1958 schrieb Hans Magnus Enzensberger seine Theorie des Tourismus, der als massenhaftes Phänomen zu jener Zeit an Konjunktur gewann. Gerade für die westdeutschen Wirtschaftswunderbürger war es eine neue Situation, unbewaffnet und aus Neugier in fremde Länder zu reisen. Was er damals, nah am Duktus der Frankfurter Schule, zu Papier gebracht hat, erscheint als Phänomenologie des Tourismus noch heute treffend. Im Mittelpunkt steht die Abrechnung mit den Prinzipien Normung, Montage und Serienfertigung, die Enzensberger als Modelle hinter der vermarkteten Reise erkennt.

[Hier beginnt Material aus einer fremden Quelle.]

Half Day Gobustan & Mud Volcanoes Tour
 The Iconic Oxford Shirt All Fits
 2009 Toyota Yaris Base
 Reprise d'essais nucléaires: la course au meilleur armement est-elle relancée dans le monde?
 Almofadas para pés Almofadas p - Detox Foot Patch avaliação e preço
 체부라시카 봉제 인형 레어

Sehenswürdigkeiten werden dort synthetisch für Touristen produziert, wo vorher keine waren, und deren Begutachtung zur Norm erklärt. Die so geschaffenen Attraktionen werden entlang einer Route aufgefädelt und auf diese Weise montiert. Solche Produkte und Routen können über die ganze Welt verteilt, also in Serie angefertigt werden.

Enzensbergers Analyse mündet in dem prägnanten Satz: „Der Touris-mus ist seither das Spiegelbild der Gesellschaft, von der er sich ablöst.“ Abenteurertum und die Suche nach dem Ausgefallenen, Exotischen kann der Massentourismus jedoch nicht hinreichend befriedigen, zu allgegenwärtig sind die Mechanismen der verwalteten Welt. So gesehen ist das Wrack der Costa Concordia wahrhaft spektakulär. Hier, und zwar wirklich nur hier, gibt es etwas Neues zu sehen, das nicht das Ziel jeder anderen Reise in dieser oder anderer Art, dem Wesen nach aber identisch, auch zu bieten hätte.

Das Wrack und die Aura

Die Erfahrung von wahrhafter, unmittelbarer Differenz und des Ausbruchs aus dem Ennui bietet heute nur noch die hautnahe Begutachtung der Katastrophe, die nicht im Reiseführer beworben, sondern als breaking news auf die Bildschirme gebracht wird. Enzensberger schrieb noch: „Die bunten Aufnahmen, die der Tourist knipst, unterscheiden sich nur den Modalitäten nach von jenen, die er als Postkarten erwirbt und versendet.“ Von einem Schiffswrack wird es keine Ansichtskarten geben, Fotos davon hingegen unzählige.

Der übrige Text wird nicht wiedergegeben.